The newest model, the DS414slim, looks perfect for any home lab that needs a small form factor with a decent bit of throughput and redundancy built in. I’m already leaning strongly towards snagging one of these – which would be my third Synology box.
Speeds, Feeds, Form Factor
Here’s an angled shot of the new bezel, including the status lights, power button, and USB 3.0 port on the front. I really like the way they’ve made it so that you can have the box facing sideways, making it easy to both read the LEDs and also service the rear of the unit.
If you flip the DS414slim to the rear, you’ll see four 2.5″ drive cartridges, an additional USB 3.0 slot, dual 1GbE LAN ports, and a power input. That’s right, dual LAN ports on this little guy – awesome!
Improvements and Price
As per Synology, here are some additional hardware improvements over the previous generation:
The DS414slim is small enough to fit on the palm of a hand, yet powerful enough for workgroups in businesses, with the ability to serve up to 128 active connections. The unit now includes an FPU, and twice as much RAM as its predecessor, improving overall performance in multitasking, and media processing. Most significantly, the DS414slim utilizes DSM 5.0 with its rich and extensible array of features including: media streaming, web hosting, timed backups, and photo management.

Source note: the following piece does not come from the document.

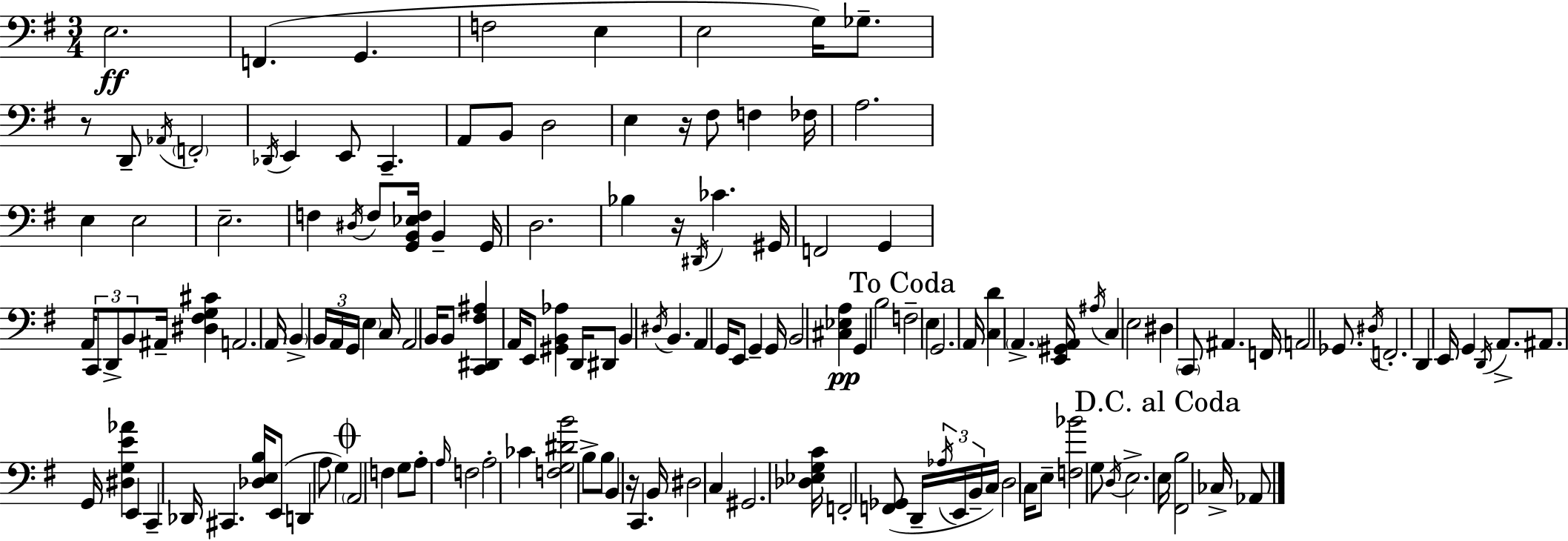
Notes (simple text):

E3/h. F2/q. G2/q. F3/h E3/q E3/h G3/s Gb3/e. R/e D2/e Ab2/s F2/h Db2/s E2/q E2/e C2/q. A2/e B2/e D3/h E3/q R/s F#3/e F3/q FES3/s A3/h. E3/q E3/h E3/h. F3/q D#3/s F3/e [G2,B2,Eb3,F3]/s B2/q G2/s D3/h. Bb3/q R/s D#2/s CES4/q. G#2/s F2/h G2/q A2/s C2/e D2/e B2/e A#2/s [D#3,F#3,G3,C#4]/q A2/h. A2/s B2/q B2/s A2/s G2/s E3/q C3/s A2/h B2/s B2/e [C2,D#2,F#3,A#3]/q A2/s E2/e [G#2,B2,Ab3]/q D2/s D#2/e B2/q D#3/s B2/q. A2/q G2/s E2/e G2/q G2/s B2/h [C#3,Eb3,A3]/q G2/q B3/h F3/h E3/q G2/h. A2/s [C3,D4]/q A2/q. [E2,G#2,A2]/s A#3/s C3/q E3/h D#3/q C2/e A#2/q. F2/s A2/h Gb2/e. D#3/s F2/h. D2/q E2/s G2/q D2/s A2/e. A#2/e. G2/s [D#3,G3,E4,Ab4]/q E2/q C2/q Db2/s C#2/q. [Db3,E3,B3]/s E2/e D2/q A3/e G3/q A2/h F3/q G3/e A3/e A3/s F3/h A3/h CES4/q [F3,G3,D#4,B4]/h B3/e B3/e B2/q R/s C2/q. B2/s D#3/h C3/q G#2/h. [Db3,Eb3,G3,C4]/s F2/h [F2,Gb2]/e D2/s Ab3/s E2/s B2/s C3/s D3/h C3/s E3/e [F3,Bb4]/h G3/e D3/s E3/h. E3/s [F#2,B3]/h CES3/s Ab2/e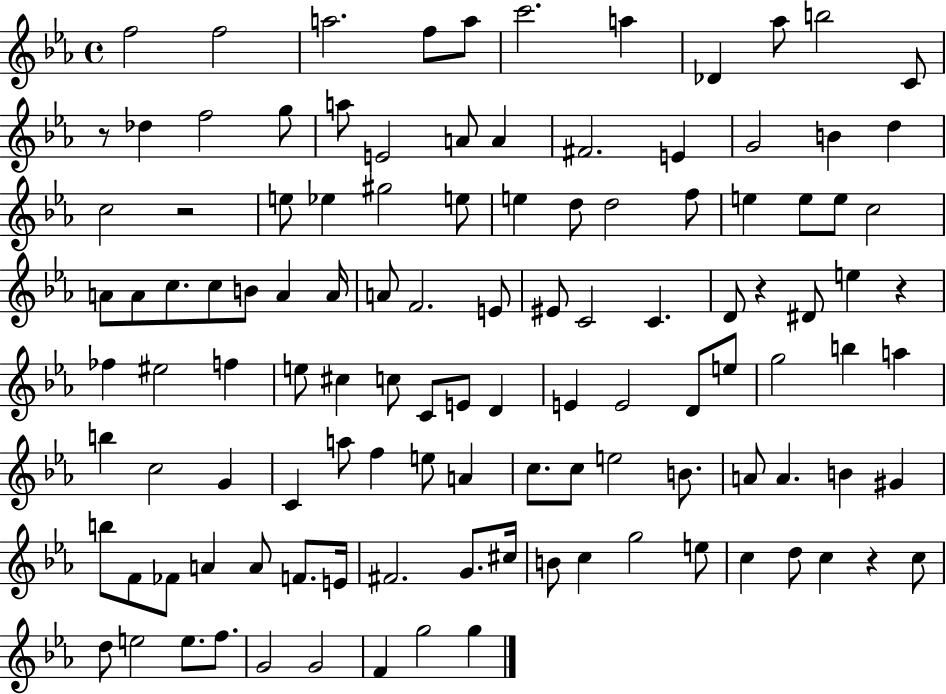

Synology has set the MSRP to $299.99 USD.
Use Case Ideas
In my particular situation, I think this would make a good unit for cloud storage and lab backups. Specifically, I could mount it via in-guest iSCSI to my file server, or just turn it into its own file server (similar to what I’ve done with my DS411). I’d likely just make it a standalone file server so that I could further leverage the features in DSM 5.0, such as Cloud Station.
Because the DS414slim is not VMware certified, and I have yet to put my hands on one in the lab, I am not sure I’d suggest this for running virtual machines upon. Often times “not certified” has nothing to do with it working or not, but support may matter to some folks. My DS411 works fine for virtual machines, it’s just a little light on rotational horsepower (4 spinning disks does not put out a significant amount of IOPS) – you could perhaps try using SSDs.
However, that doesn’t mean that I can’t use it as a target for virtual machines via NFS or iSCSI in the case of backups – such as an additional partition / drive letter / mount point for my SQL box to dump nightly backups to.